Understanding Statistics
About Statistics
Welcome to Qualtrics Statistics. This is an overview of basic statistics that may be useful to you as you create and analyze projects in Qualtrics. We are going to cover some basic statistical concepts, apply them to the platform, and discuss some further options outside of Qualtrics.
Quantitative and Categorical Data
There are 2 types of data: quantitative and categorical.
Quantitative data is assessed on a numerical scale. Examples of quantitative data include age, height, or income.
Categorical data is assessed on a nominal scale. Examples of categorical data include gender, marital status, or occupation. Most data collected in a survey is categorical, where a count of the number of respondents that fall in a category is obtained.
Measures of Center
There are 3 measures of center used for quantitative data: mean, median, and mode.

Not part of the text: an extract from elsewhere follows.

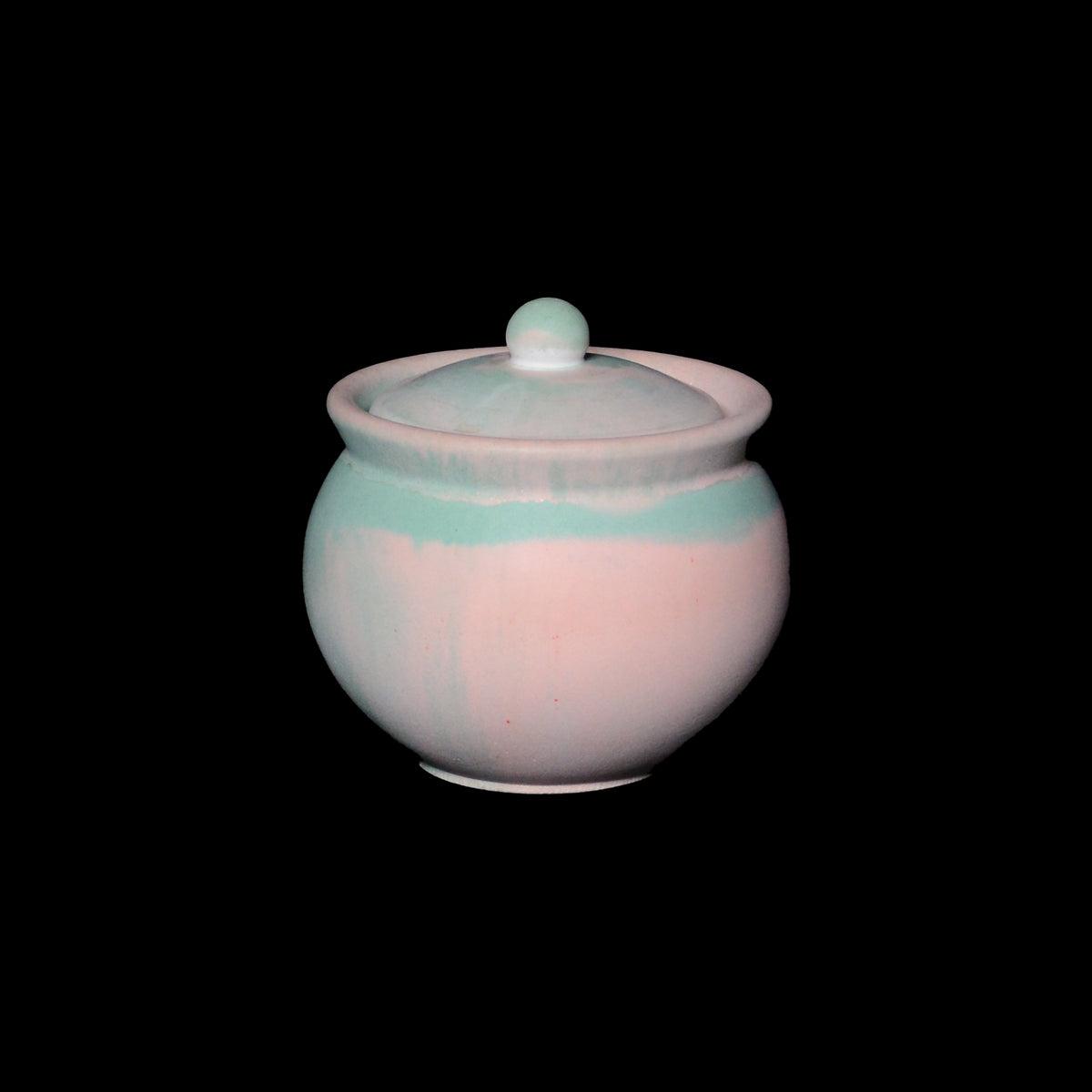 TAURUS - Candle Vessel (Cauldron with Lid)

The mean, or average, is the best measure of center when data is roughly normally distributed or looks like a bell curve. The mean is found by summing all of the observations and dividing by the total number of observations.
The median, or middle value, is a good measure of center when data appears to be skewed. If you line up all of your observation in order, the median is the middle value.

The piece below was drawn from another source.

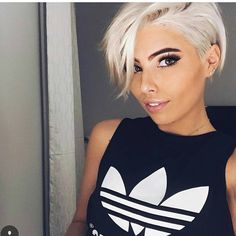 12.9k Likes, 131 Comments - Short Hairstyles  💇👦 Pixie Cut (@nothingbutpixies) on Instagram: “More and more white pixies @moigibs” Texture Hairstyles, Short Textured Hair, Hair Cuts 2017, Hairstyles Messy, Penteado Cabelo Curto, Short Blonde, Girl Short Hair, Blonde Pixie, Pixie Hairstyles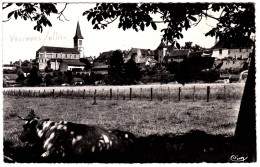 3 - B25142CPSM - VARENNES SUR ALLIER - Vue Générale - Vache Au Repos - Bon état - ALLIER - Autres & Non Classés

The mode is the value that occurs most frequently in your data. It is not as commonly used as either the mean or the median.
Measures of Spread
There are a few useful statistics to measure the spread of your data: standard deviation, variance, and range.

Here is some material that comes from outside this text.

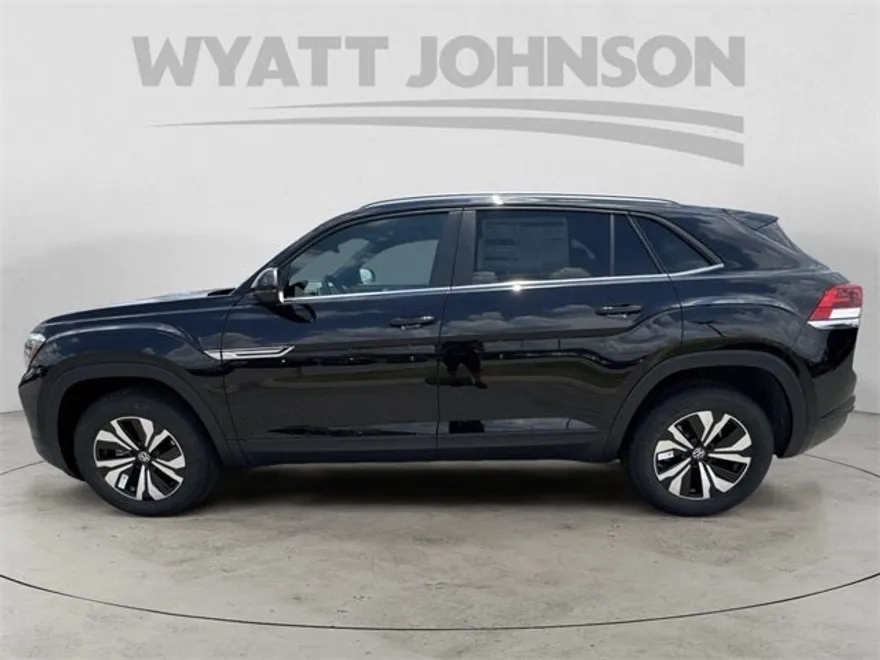 2025 Volkswagen Atlas Cross Sport SE photo 1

A standard deviation is the average distance of the observations from their mean. Like the mean, a standard deviation should be used with roughly normally distributed data.
The variance is simply the standard deviation squared.
The range is the difference between the largest and the smallest value.
Statistics in Visualizations
A Statistics Table visualization in Qualtrics displays the minimum value, the maximum value, the mean, the variance, the standard deviation, and the total number of responses.
Since a value is coded for each response option in every question, Qualtrics will find these statistics whether the data is quantitative or categorical. It is up to you to decide if these statistics make sense in the context of your study.
For example, you could ask respondents what their favorite color is: red, yellow, blue, or green, coded as 1, 2, 3, and 4 respectively. Qualtrics will give you a mean, but it doesn’t make sense to have an average favorite color.
If you had respondents rate movies on a scale from 1 to 5 stars, a mean would be useful. Means like 2.98 stars or 4.32 stars make movies easy to compare.
Qualtrics offers a variety of charts, graphs, and tables. A Bar Chart shows the frequency of responses in each answer choice category.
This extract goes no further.